E' finita l'era delle compagnie aeree low cost?

Molte piccole dei voli sono al collasso, non solo per la crisi

Dopo anni ad alta quota, il low cost nell’ambito del trasporto aereo perde quota. E nel caso di Windjet, plana anche in picchiata. La sorte della compagnia siciliana è appesa ancora a un filo sottilissimo, che coinvolge il destino di 800 lavoratori, 300 dell’indotto.
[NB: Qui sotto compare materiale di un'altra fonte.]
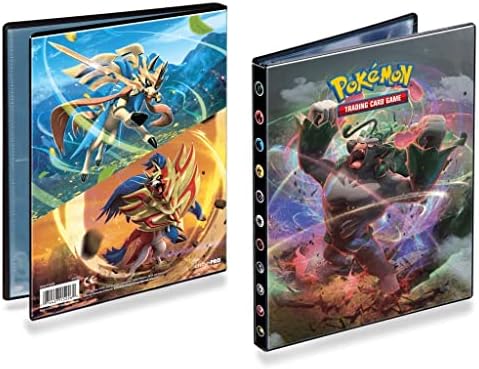 Pokemon Ultra Pro - 4 Pocket Portfolio - Pokemon Sword Shield 2
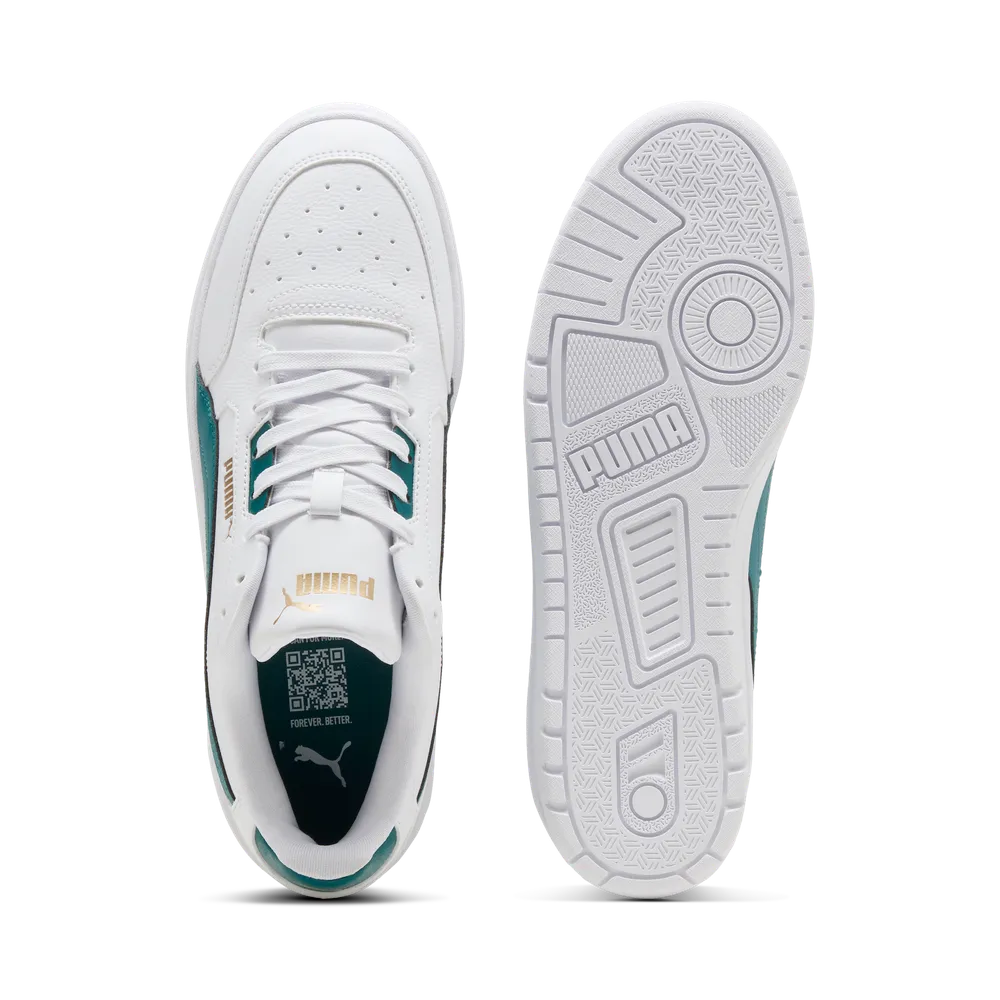 Shuffle Downtown - Bianco / Emerald Ice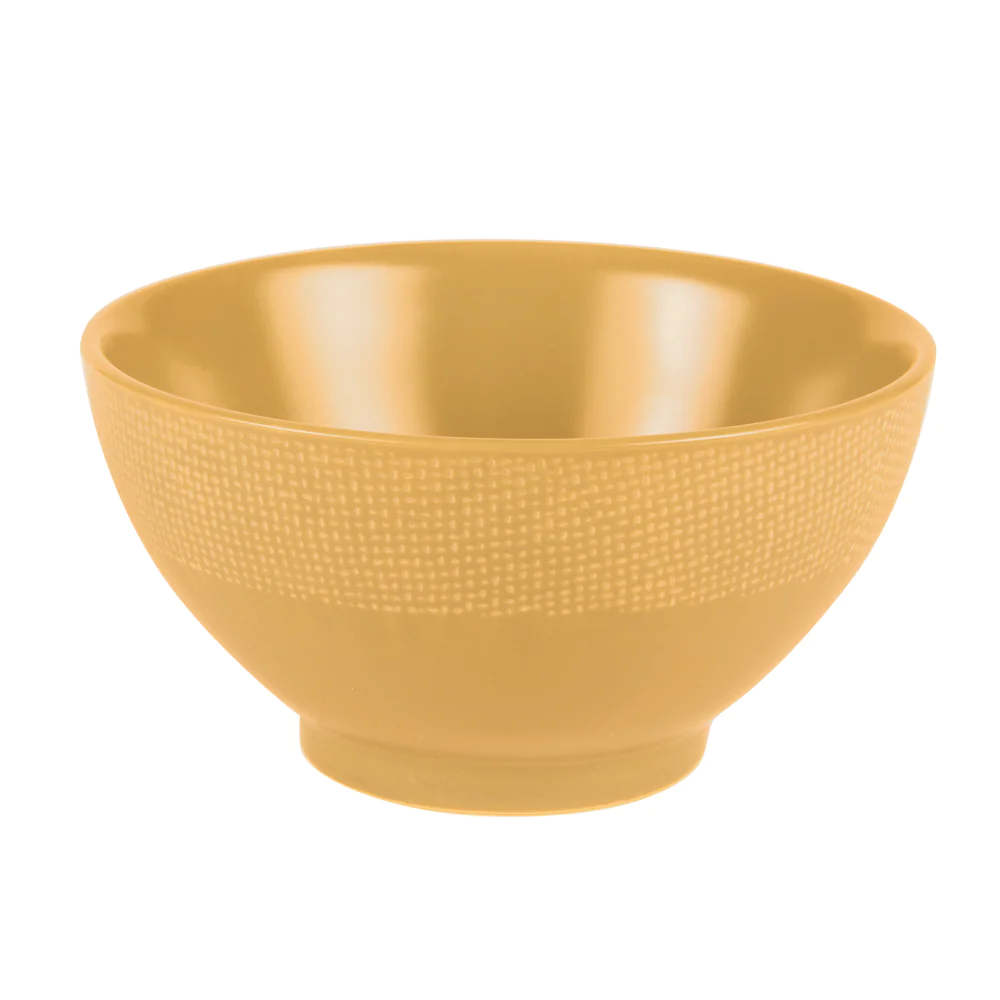 Bol Vésuvio safran 14 cm (lot de 6) Table passion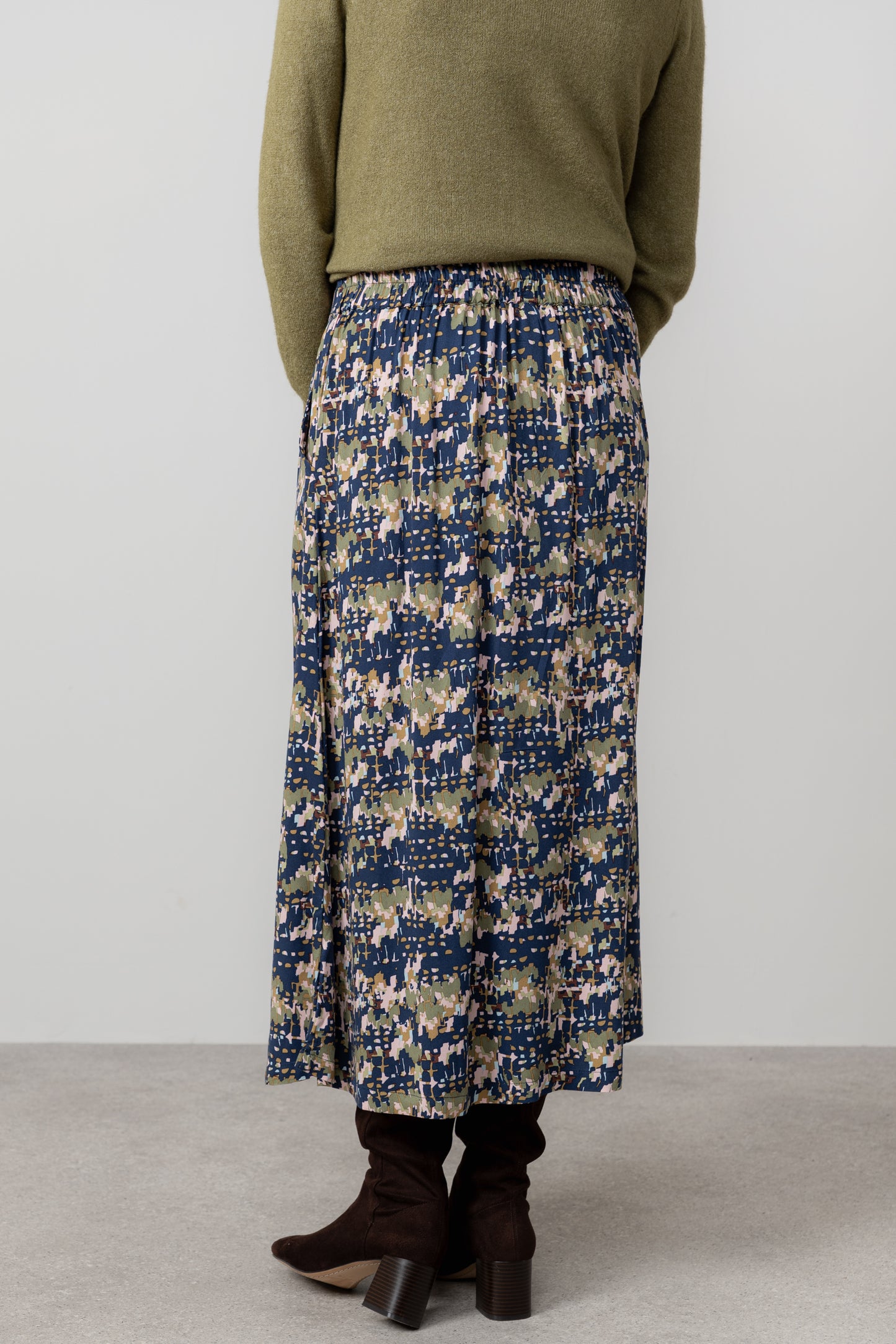Lily & Me Alice skirt in clover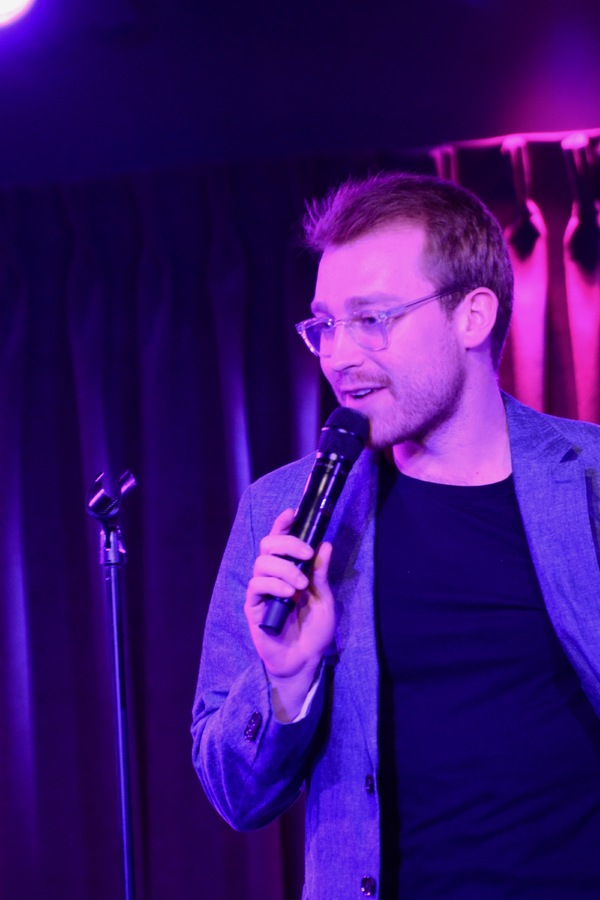 Photo Coverage: Ed Dixon Tells Show Stories at The Green Room 42 Image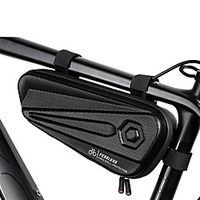 Bike Frame Bag Top Tube Waterproof Portable Quick Dry Bike Bag EVA Bicycle Bag Cycle Bag Cycling Outdoor Exercise miniinthebox
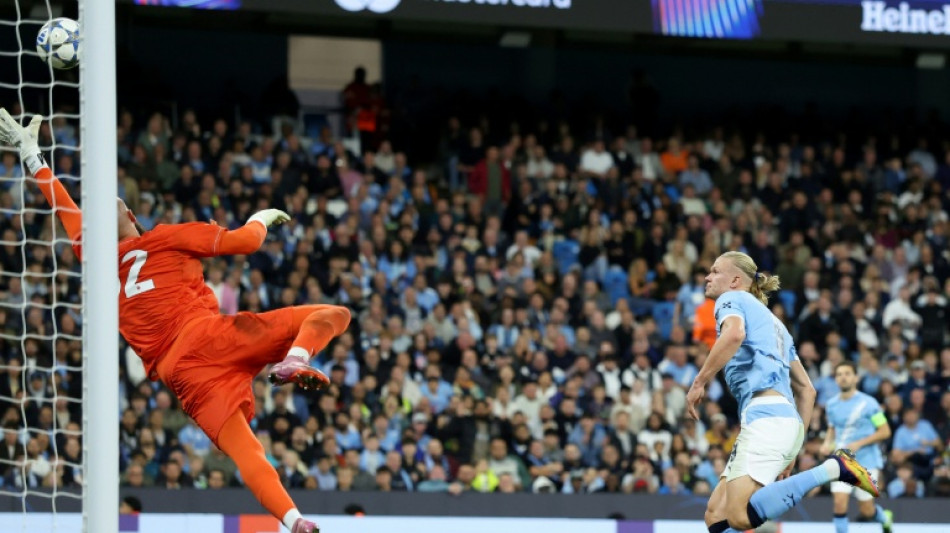C1: Manchester City domine Naples (2-0), Haaland cinquantième rugissant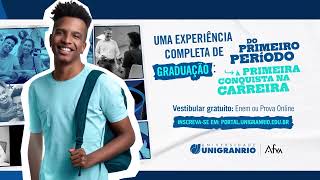 Experiência completa de Graduação  Unigranrio Afya [upl. by Ayiram]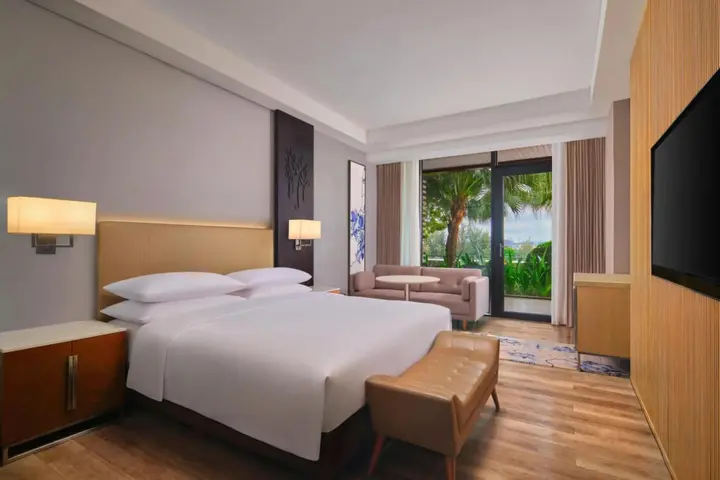 Батам: Batam Marriott Hotel Harbour Bay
La compagnia di bandiera Alitalia, dopo la pronuncia dell’Antitrust, ha maturato un profondo ripensamento in merito all'acquisizione del primo vettore low cost nazionale, malgrado l’accordo siglato lo scorso 13 aprile. E ha i suoi motivi: la rinuncia a tre slot in fasce orarie strategiche negli scali aeroportuali di Catania e Palermo, imposta dall’Antitrust per evitare posizioni di monopolio, determinerebbe una perdita economica annuale consistente, pari a 2,5 milioni di euro.

Mezzo milione in più rispetto a quanto previsto dall’accordo. Alitalia fa le sue mosse e spetta al patron catanese Pulvirenti accettare o meno. Un caso di successo imprenditoriale alla sicula, Windjet, che però pure non la salva dall’attuale situazione, tipica di chi è sul baratro da tempo, con debitori che vantano crediti in moneta, come la Sac, la società di gestione dello scalo di Catania, Fontanarossa, o in mezzi, come la società irlandese che ha concesso in leasing i 12 airbus della flotta Wj e che li riporterebbe a casa nel caso in cui fallisse la trattativa con Alitalia.

Lo stop arriverebbe poi in pista da parte dell’Enac, Ente nazionale aviazione civile.Un destino che fa male, letto anche nell’ottica della crisi complessiva italiana, ma non unico e solo: l’elenco delle low cost in crisi è lungo e presenta anche qualche interessante tratto di continuità: la spagnola Spanair, la slovacca SkyEurope, MyAir, AlpiEagles, Gandalf Airlines, Club Air, Minerva Airlines. Si salvano i grandi, come Ryanair e Easyjet, che pure devono guardare frontalmente alle cause della crisi, da ricercare non troppo lontano: recessione europea e austerità, crisi dell’euro, rincaro dei pezzi del petrolio.

Ma, cause esogene a parte, esistono anche limiti strutturali? Come rifletteva in merito uno studio sugli effetti della crisi economica sul settore del trasporto aereo nell’Unione europea, del 2010, richiesto dalla commissione Trasporti e turismo, a fallire sono proprio le linee aeree nazionali di piccole dimensioni, troppo piccole per essere globali e troppo grandi per essere operatori di nicchia. E spesso le contraddistingue una mission poco chiara, priva di decisioni strategiche ottimali e una decisiva sottocapitalizzazione. In partenza poi hanno politiche aggressive nei confronti delle compagnie di bandiera, ma finiscono poi per subire il ritorno delle stesse nel loro ambito di competizione, sulle tratte a corto raggio, grazie a classi economiche più efficienti, azzeramento del catering, eliminazione delle commissioni, introduzione delle prenotazioni online. La concorrenza, insomma.